You have probably heard the phrase “going forward” used a lot. And the temptation is great to use it again in the case of the recent report on Memphis-Shelby County Juvenile Court by the Civil Rights Division of the U.S. Justice Department.
That should not be the case if progress is to be made in improving on a system that until recently had become calcified in the juvenile justice philosophy of an earlier age and a judge who made the court his own for 40 years.
Juvenile Court Judge Curtis Person Jr. got credit in the report for changes made at Juvenile Court since his election in 2006, succeeding Judge Kenneth Turner. But Person denied an alarming racial disparity in both detention rates and transfers of juveniles to the adult criminal justice system for trial as adults. The report outlines the methodology for the claim that makes it more than a statement of opinion or possibility.
The court will be getting a lot of outside help as a result of the report.

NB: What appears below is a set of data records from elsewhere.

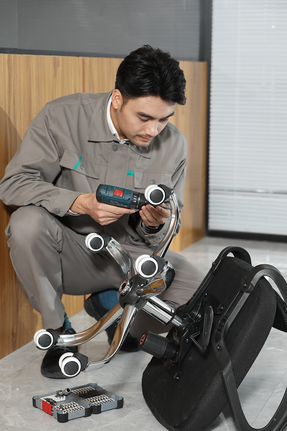Person wearing safety equipment assembles an office chair using a cordless drill.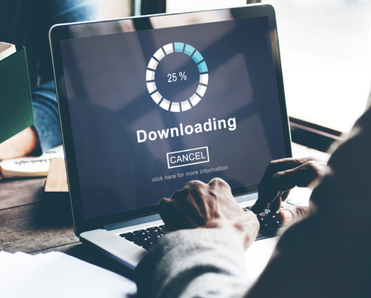 Man on laptop downloading a file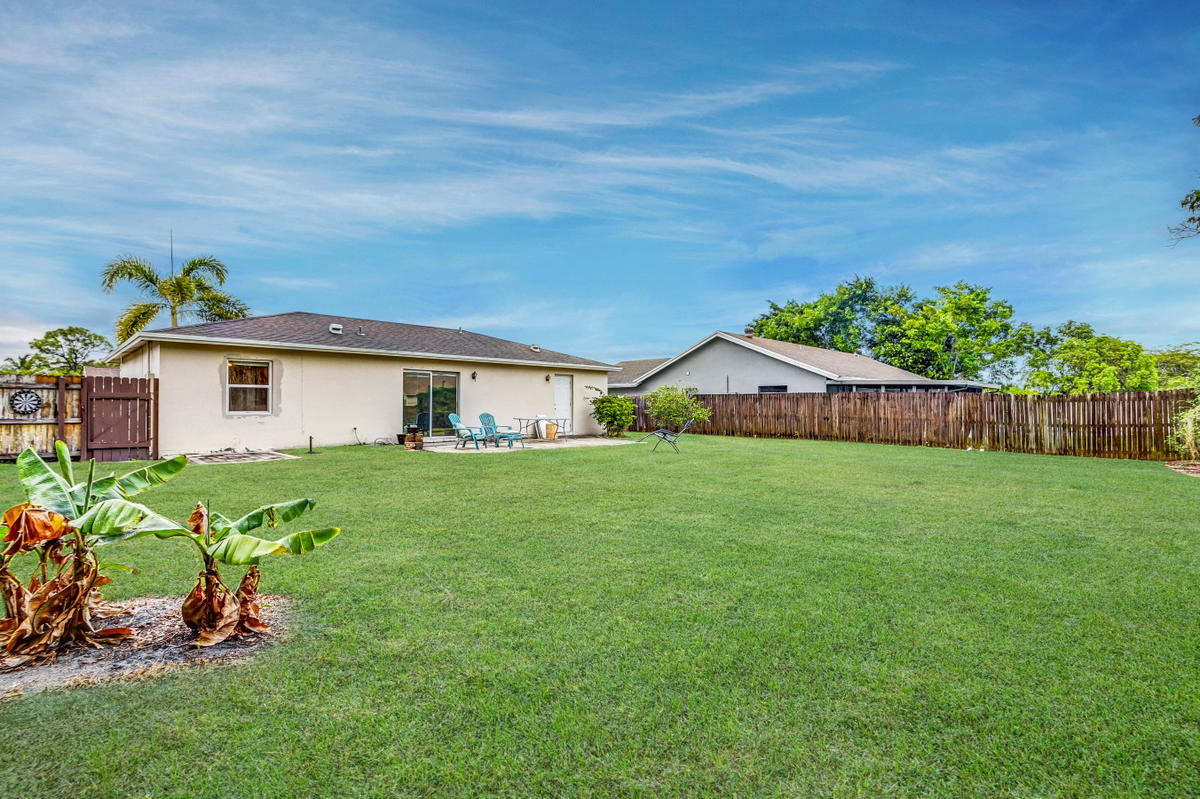 19594 Liberty Road Boca Raton, FL 33434 - Photo 5 of 53 a view of a house with a backyard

And this is where it becomes convenient to say “going forward.”
But that shouldn’t happen because of another part of the report that concludes many Juvenile Court employees have “a fundamental misunderstanding about the purpose of Juvenile Court and the roles and responsibilities of its participants.”

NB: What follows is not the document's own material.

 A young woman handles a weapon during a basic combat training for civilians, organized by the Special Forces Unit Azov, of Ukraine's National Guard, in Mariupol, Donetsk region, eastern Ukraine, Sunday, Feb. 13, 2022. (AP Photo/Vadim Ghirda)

There should be a clear break from the invalidated traditions and practices of the Turner court to remedy this – a reality check.
First, create an office of Juvenile Defender outside Juvenile Court, a move first suggested five years ago in the first of three other reports on the court. This doesn’t have to be difficult, but it likely will because for too long the court’s instinct has been to cede no part of its apparatus to any other government entity.
The court had to be taken to another court for the popular election of the Juvenile Court Clerk and Bill Gibbons when he was District Attorney General had to walk on eggshells in moving the office of Juvenile prosecutor from the court’s control.
The court is part of a criminal justice system that the public has a right to expect will involve government agencies and entities working together for a public interest that has no room for the preservation of turf.
In that spirit, this will take changes in other areas as well. The Shelby County Public Defender’s office will need more funding to take on new responsibilities in a court system in which 90 percent of those before the court have appointed legal counsel.
The state should also restore programs the court could once use as an alternative to sending children to an adult system that has next to no chances to intervene in a teenager’s life the way a truly functioning juvenile justice system can and should.